Atsar Kesalehan dalam Perjuangan
Betapa kesalehan yang dimiliki Sudirman bukan hanya persoalan ritual, tetapi juga terwujud menjadi kesalehan sosial. Hal itu tercermin pada bagaimana ajaran Islam menjiwai laku kehidupan sehari-hari Sudirman dan perjuangannya melawan penjajahan. Atsar atau jejak dari penghayatan Sudirman terhadap ajaran Islam yang mempengaruhi perjuangan misalnya adalah ajaran tauhid. Tauhid mendoktrin umat Islam untuk tunduk hanya kepada Allah Swt. sehingga tidak ada alasan bagi Sudirman untuk tunduk kepada penjajah, yang ditunjukkan dengan tidak pernah sekalipun Sudirman melakukan kompromi dengan pihak penjajah.
Selain itu, ada doktrin jihad yang Sudirman dalami ketika aktif di HW dan Pemuda Muhammadiyah yang menjadi ruh perjuangan. Sudirman pernah berdialog dengan anak buahnya, Hardjomartono, pada pengajian Pemuda Muhammadiyah di Rawamalo, Banyumas. Sudirman berkata bahwa Pemuda Muhammadiyah memiliki musuh penghalang, yakni penjajah yang munkar itu. Maka mereka harus siap berjuang mendapat kemuliaan hidup, dan siap mati syahid untuk meraih kemerdekaan. Hidup mulia dan mati syahid yang diajarkan Sudirman, karena baginya dua hal tersebut dapat diraih bersamaan.
Hal yang sama tetap Sudirman ajarkan setelah menjadi Komandan Divisi Tentara Keamanan Rakyat (TKR), bahwa ajaran jihad perlu dijiwai seorang prajurit. Seperti pada pertempuran Ambarawa, ia mengobarkan semangat jihad, bekerja sama dengan Kiai Siraj dari Payaman. Kiai Siraj ini pula yang mengirimkan santri-santrinya berjihad bersama Sudirman (2000: 256).
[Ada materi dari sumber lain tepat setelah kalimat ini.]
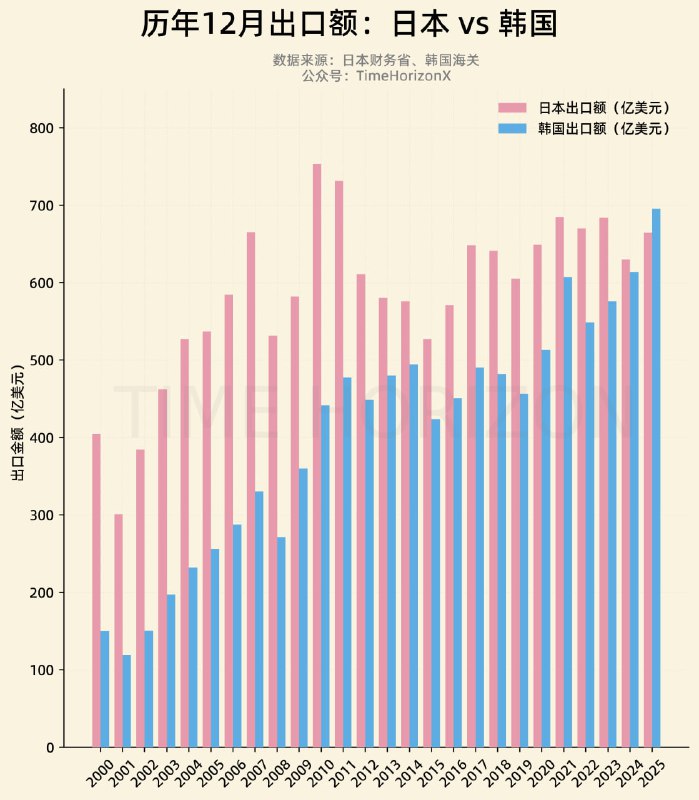 韩国12月出口超过了日本，历史同期首次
Sepak terjang Jenderal Sudirman sejak kecil, masa pemuda, hingga masa perjuangan melawan penjajah membuktikan satu hal: semangat keislaman tidak pernah bertentangan dengan upaya menegakkan perjuangan kebangsaan. Justru ajaran Islam mampu menjiwai perjuangan kemerdekaan, karena yang dilawan adalah kemungkaran melalui tangan-tangan penjajah. Pergulatan Jenderal Sudirman mendalami ajaran Islam membawanya menjadi sosok yang saleh di satu sisi, dan nasionalistis di sisi lain. Siapa yang ingin meragukan kesalehan dan nasionalisme Jenderal Sudirman?